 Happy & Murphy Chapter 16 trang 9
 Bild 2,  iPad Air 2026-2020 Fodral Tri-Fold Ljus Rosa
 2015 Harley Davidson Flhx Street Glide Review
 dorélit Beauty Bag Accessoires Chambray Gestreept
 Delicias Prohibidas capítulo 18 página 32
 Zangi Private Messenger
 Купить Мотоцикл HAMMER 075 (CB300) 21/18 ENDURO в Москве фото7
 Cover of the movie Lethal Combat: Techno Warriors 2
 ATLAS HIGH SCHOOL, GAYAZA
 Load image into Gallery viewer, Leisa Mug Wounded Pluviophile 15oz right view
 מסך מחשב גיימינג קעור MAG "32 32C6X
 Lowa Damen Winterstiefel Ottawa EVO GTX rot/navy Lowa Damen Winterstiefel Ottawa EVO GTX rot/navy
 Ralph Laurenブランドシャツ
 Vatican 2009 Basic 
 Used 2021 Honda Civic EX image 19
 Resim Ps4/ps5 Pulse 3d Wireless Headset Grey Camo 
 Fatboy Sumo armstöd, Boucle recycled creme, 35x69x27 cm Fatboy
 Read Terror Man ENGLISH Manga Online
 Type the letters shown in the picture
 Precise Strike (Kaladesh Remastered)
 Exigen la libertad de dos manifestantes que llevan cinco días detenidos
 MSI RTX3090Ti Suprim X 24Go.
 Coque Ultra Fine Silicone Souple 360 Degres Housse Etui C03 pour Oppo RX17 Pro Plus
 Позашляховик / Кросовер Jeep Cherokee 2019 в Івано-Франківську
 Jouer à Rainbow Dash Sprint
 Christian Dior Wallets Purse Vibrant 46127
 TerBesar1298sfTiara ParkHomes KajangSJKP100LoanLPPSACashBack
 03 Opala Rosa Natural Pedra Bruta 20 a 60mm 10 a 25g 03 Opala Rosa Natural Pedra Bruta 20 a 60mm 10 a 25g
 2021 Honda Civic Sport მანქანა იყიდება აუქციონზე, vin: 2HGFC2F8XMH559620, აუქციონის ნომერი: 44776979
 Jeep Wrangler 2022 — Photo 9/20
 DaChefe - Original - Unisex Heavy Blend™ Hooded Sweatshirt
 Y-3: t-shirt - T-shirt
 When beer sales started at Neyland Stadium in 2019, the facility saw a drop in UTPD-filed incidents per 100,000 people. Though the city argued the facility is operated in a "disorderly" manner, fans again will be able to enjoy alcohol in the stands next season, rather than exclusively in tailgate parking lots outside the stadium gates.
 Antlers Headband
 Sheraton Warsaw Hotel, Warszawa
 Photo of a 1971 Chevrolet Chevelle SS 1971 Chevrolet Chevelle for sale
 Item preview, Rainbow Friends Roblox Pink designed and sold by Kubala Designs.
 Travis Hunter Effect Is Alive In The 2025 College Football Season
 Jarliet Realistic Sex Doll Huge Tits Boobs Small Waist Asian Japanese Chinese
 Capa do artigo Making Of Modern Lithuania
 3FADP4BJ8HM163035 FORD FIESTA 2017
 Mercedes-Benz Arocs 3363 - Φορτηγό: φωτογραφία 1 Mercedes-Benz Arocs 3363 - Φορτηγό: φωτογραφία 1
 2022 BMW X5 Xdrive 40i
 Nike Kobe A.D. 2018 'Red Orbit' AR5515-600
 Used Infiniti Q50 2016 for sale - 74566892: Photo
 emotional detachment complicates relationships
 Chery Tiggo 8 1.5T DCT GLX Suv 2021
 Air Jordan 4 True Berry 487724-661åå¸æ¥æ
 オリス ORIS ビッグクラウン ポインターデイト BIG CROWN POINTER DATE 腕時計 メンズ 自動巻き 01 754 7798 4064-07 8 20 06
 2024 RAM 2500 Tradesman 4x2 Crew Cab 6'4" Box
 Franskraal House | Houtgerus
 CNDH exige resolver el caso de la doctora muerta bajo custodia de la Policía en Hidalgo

- - -

- INSTRUCTIONS FOR THE TASK: All lines above between those holding "2015 Harley Davidson" and "Y-3: t-shirt - T-shirt", inclusive, must be set down unchanged, and no other line may be included.

- YOUR RESPONSE:
 2015 Harley Davidson Flhx Street Glide Review
 dorélit Beauty Bag Accessoires Chambray Gestreept
 Delicias Prohibidas capítulo 18 página 32
 Zangi Private Messenger
 Купить Мотоцикл HAMMER 075 (CB300) 21/18 ENDURO в Москве фото7
 Cover of the movie Lethal Combat: Techno Warriors 2
 ATLAS HIGH SCHOOL, GAYAZA
 Load image into Gallery viewer, Leisa Mug Wounded Pluviophile 15oz right view
 מסך מחשב גיימינג קעור MAG "32 32C6X
 Lowa Damen Winterstiefel Ottawa EVO GTX rot/navy Lowa Damen Winterstiefel Ottawa EVO GTX rot/navy
 Ralph Laurenブランドシャツ
 Vatican 2009 Basic 
 Used 2021 Honda Civic EX image 19
 Resim Ps4/ps5 Pulse 3d Wireless Headset Grey Camo 
 Fatboy Sumo armstöd, Boucle recycled creme, 35x69x27 cm Fatboy
 Read Terror Man ENGLISH Manga Online
 Type the letters shown in the picture
 Precise Strike (Kaladesh Remastered)
 Exigen la libertad de dos manifestantes que llevan cinco días detenidos
 MSI RTX3090Ti Suprim X 24Go.
 Coque Ultra Fine Silicone Souple 360 Degres Housse Etui C03 pour Oppo RX17 Pro Plus
 Позашляховик / Кросовер Jeep Cherokee 2019 в Івано-Франківську
 Jouer à Rainbow Dash Sprint
 Christian Dior Wallets Purse Vibrant 46127
 TerBesar1298sfTiara ParkHomes KajangSJKP100LoanLPPSACashBack
 03 Opala Rosa Natural Pedra Bruta 20 a 60mm 10 a 25g 03 Opala Rosa Natural Pedra Bruta 20 a 60mm 10 a 25g
 2021 Honda Civic Sport მანქანა იყიდება აუქციონზე, vin: 2HGFC2F8XMH559620, აუქციონის ნომერი: 44776979
 Jeep Wrangler 2022 — Photo 9/20
 DaChefe - Original - Unisex Heavy Blend™ Hooded Sweatshirt
 Y-3: t-shirt - T-shirt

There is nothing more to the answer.